**ACTIVITY**
From the records below, copy the lines that include "Weather".

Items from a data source
'''

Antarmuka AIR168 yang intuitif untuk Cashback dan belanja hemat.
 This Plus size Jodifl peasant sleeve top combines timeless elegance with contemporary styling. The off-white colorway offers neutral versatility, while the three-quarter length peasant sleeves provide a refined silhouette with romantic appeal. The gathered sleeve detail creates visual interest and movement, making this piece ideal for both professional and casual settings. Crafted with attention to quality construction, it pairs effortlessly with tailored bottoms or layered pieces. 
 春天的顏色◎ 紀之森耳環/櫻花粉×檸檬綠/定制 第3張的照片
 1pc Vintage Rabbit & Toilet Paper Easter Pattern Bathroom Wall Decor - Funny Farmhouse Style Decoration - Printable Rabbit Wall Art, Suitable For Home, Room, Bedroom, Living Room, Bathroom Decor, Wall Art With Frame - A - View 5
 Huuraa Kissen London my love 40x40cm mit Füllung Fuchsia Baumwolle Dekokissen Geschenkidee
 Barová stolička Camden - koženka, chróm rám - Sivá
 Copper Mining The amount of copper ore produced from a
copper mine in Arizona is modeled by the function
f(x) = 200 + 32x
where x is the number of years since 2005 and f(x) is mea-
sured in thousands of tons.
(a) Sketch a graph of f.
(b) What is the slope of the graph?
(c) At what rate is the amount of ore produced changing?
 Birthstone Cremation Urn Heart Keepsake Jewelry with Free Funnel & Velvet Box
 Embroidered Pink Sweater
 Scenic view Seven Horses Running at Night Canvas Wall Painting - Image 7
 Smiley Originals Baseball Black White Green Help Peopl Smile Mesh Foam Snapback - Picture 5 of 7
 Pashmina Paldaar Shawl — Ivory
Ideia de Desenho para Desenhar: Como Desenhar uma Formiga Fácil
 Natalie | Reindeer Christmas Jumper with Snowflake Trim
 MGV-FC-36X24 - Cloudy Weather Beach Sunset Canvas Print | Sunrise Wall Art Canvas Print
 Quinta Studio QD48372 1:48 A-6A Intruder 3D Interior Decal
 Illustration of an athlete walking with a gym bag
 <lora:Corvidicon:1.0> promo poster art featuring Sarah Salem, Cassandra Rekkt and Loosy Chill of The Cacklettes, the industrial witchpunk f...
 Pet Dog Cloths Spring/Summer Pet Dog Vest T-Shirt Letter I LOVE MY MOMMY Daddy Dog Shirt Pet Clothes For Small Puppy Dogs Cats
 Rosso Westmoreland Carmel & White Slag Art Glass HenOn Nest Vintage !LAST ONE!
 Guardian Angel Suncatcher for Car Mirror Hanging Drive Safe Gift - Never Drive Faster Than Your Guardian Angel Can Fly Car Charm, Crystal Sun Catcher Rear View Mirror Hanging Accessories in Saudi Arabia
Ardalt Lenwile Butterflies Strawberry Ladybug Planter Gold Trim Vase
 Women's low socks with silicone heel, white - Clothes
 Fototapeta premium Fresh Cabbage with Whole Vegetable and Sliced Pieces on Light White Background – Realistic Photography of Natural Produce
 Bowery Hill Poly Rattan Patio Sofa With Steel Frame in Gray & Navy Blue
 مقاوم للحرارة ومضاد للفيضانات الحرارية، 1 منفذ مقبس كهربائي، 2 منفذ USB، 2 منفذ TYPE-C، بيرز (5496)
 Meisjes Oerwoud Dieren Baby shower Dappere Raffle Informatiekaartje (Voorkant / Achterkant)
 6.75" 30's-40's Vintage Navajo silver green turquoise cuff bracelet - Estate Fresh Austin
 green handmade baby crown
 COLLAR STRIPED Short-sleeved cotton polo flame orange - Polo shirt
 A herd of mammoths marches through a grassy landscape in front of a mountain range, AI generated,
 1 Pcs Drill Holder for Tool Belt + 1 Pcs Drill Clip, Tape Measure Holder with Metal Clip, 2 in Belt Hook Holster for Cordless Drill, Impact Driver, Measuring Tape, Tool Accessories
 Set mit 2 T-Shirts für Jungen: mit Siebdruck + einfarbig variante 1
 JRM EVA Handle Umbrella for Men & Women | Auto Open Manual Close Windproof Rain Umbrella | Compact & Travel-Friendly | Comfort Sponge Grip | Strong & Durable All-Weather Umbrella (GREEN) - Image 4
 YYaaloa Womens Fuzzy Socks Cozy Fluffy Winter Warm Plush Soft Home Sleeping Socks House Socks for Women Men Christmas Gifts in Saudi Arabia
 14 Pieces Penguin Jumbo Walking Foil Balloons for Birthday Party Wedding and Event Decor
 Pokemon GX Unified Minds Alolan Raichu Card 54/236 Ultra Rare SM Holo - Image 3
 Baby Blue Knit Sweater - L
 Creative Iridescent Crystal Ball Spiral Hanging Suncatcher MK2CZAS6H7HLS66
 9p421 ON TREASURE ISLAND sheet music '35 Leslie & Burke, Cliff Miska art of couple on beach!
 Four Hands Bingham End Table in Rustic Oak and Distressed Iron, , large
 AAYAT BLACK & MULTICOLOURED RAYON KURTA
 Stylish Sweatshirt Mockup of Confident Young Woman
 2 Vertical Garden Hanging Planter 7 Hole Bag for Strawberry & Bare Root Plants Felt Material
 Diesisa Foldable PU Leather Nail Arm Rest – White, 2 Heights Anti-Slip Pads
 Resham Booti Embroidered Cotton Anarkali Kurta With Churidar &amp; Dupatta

'''

**RESULT FOR THIS TASK**
 MGV-FC-36X24 - Cloudy Weather Beach Sunset Canvas Print | Sunrise Wall Art Canvas Print
 JRM EVA Handle Umbrella for Men & Women | Auto Open Manual Close Windproof Rain Umbrella | Compact & Travel-Friendly | Comfort Sponge Grip | Strong & Durable All-Weather Umbrella (GREEN) - Image 4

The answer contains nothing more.